Academia de Letras – outra fogueira de vaidades?

Muito se fala que agremiações de celebridades amiúde funcionam mais como vitrines de egos, redutos de convicções conservadoras e de guerras de vaidades, e não para cultivar interesses coletivos e transformadores. Seria assim com as universidades, os sindicatos, os conselhos profissionais e científicos, os comandos militares, as diretorias públicas e privadas e mesmo os parlamentos, supostos de “representantes do povo”. O egocentrismo seria um onipresente e intransponível traço da natureza humana.

Nas academias de letras parece não ser diferente. O exemplo da Academia Brasileira de Letras, e por certo também das congêneres europeias que a inspiraram, parece confirmar isso. No início de sua história, a ABL condenou o mulato e hoje consagrado Lima Barreto a um “silêncio implacável”, interditando-o em razão de seu senso crítico e atuação combativa. Aos alterosos a verdade incomodava. Viviam a certeza de que a mentira desgasta relacionamentos, a verdade não; a verdade devasta! E assim perpetuavam a civilização do recato e da hipocrisia.

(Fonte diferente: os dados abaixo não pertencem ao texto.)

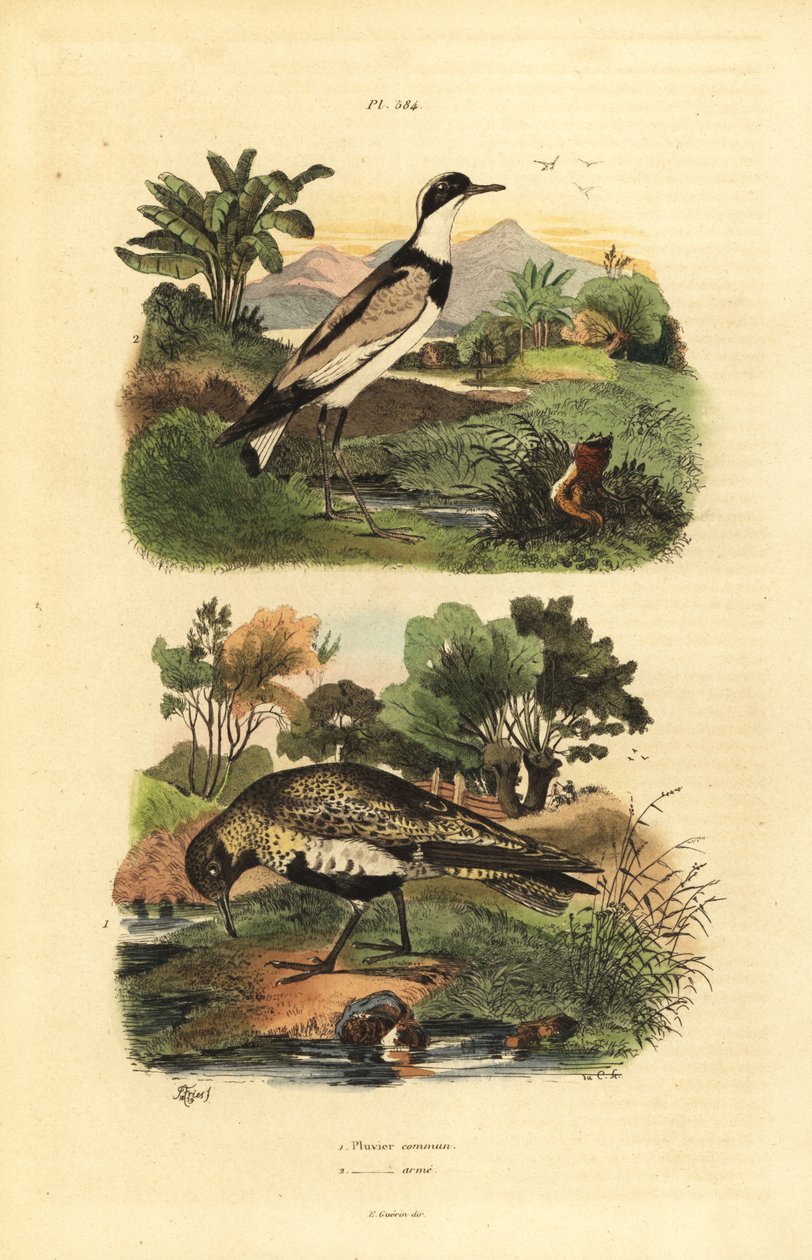 Guldpipare, Pluvialis apricaria och ringpipare, Charadrius hiaticula av Unbekannt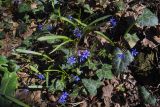 Scilla bifolia. Цветущие растения. Внутренняя гряда Крымских гор в р-не пещерного г. Мангуп-Кале. Конец апреля 2008 г.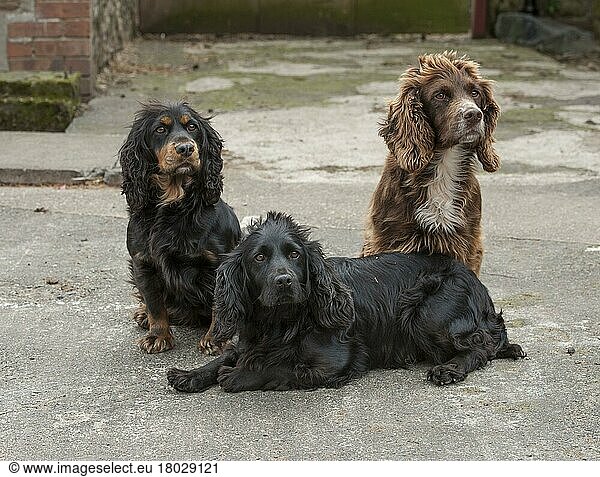 English Cocker Spaniel  pedigree dogs  hunting dogs  domestic dogs  pets  domestic animals  mammals  animals  Domestic Dog  English Cocker Spaniel  working type  three adults  sitting and laying in farmyard  Shropshire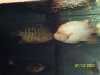 Fishes 3 671.jpg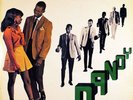 LP Vinyl Album - Dandy - Rock Steady With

Outros episódios marcam a história da ABL: entre eles, as eleições de Getúlio Vargas e José Sarney, o repúdio vindo de Sérgio Buarque de Holanda, Carlos Drummond de Andrade, Chico Buarque de Holanda ─ Prêmio Camões em 2019 ─ e o longo perrengue com Mario Quintana, que após ter sua candidatura recusada por três vezes, recusou ele mesmo o convite feito pela ABL. Alega-se que o conhecido "Poeminho do contra" do notável poeta gaúcho seja endereçado aos “imortais” da ABL: "todos estes que aí estão/ atravancando meu caminho/ eles passarão/ eu passarinho!"

As recentes eleições de Fernanda Montenegro e Gilberto Gil como imortais da ABL e os votos em Daniel Munduruku parecem demonstrar que ela esteja se abrindo para expoentes da arte, da cultura e da militância, indo muito além da bajulação de ocasião demonstrada na “imortalização” de Getúlio, Sarney e outros, como o general Lyra Tavares, Roberto Marinho e Marco Maciel. Oxalá a ABL esteja finalmente incorporando o princípio expresso em frase do sociólogo ex-ministro da cultura João Luiz Silva “Juca” Ferreira: “Cultura não é uma questão de direita ou esquerda, mas de civilização ou barbárie”.

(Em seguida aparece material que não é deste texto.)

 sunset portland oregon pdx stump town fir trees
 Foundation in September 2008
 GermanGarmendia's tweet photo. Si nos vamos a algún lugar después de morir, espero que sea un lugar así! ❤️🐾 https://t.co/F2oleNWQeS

Possivelmente a abertura mostrada pela ABL decorre dos ares de intolerância que têm soprado nestes nossos tempos, que alertam para a imprescindibilidade da diversidade: compreender e aceitar o diferente é essencial para a sobrevivência da humanidade, e do que há de humano em cada um de nós. O impulso de endogenia, que pode ser comparado ao primordial instinto de sobrevivência, deve ser compensado pela capacidade de reconhecer e assimilar a riqueza da cultura, das virtudes do outro. A endogenia conduz ao nanismo e às atrofias. A inclusão faz prosperar; a xenofobia faz fenecer. A humanidade já superou o tempo de seus ancestrais vertebrados terrestres, os quase répteis pelicossáurios, quando o instinto de sobrevivência e a hostilidade com o diferente era essencial. Hoje, no mundo globalizado e superpovoado, essencial é a empatia, a solidariedade.

Mais que as universidades e os parlamentos, as academias de letras são agremiações imbuídas do desígnio cultural e artístico. Uma missão hoje revestida da amorosa obrigação de enternecer, incluir e expandir, e não segregar e elitizar; de conciliar e edificar, não irar e dividir; de enobrecer, e não amesquinhar.

O primeiro passo é abrir-se para o diferente; com ele vêm as novidades, as transformações. Elas escrevem o porvir.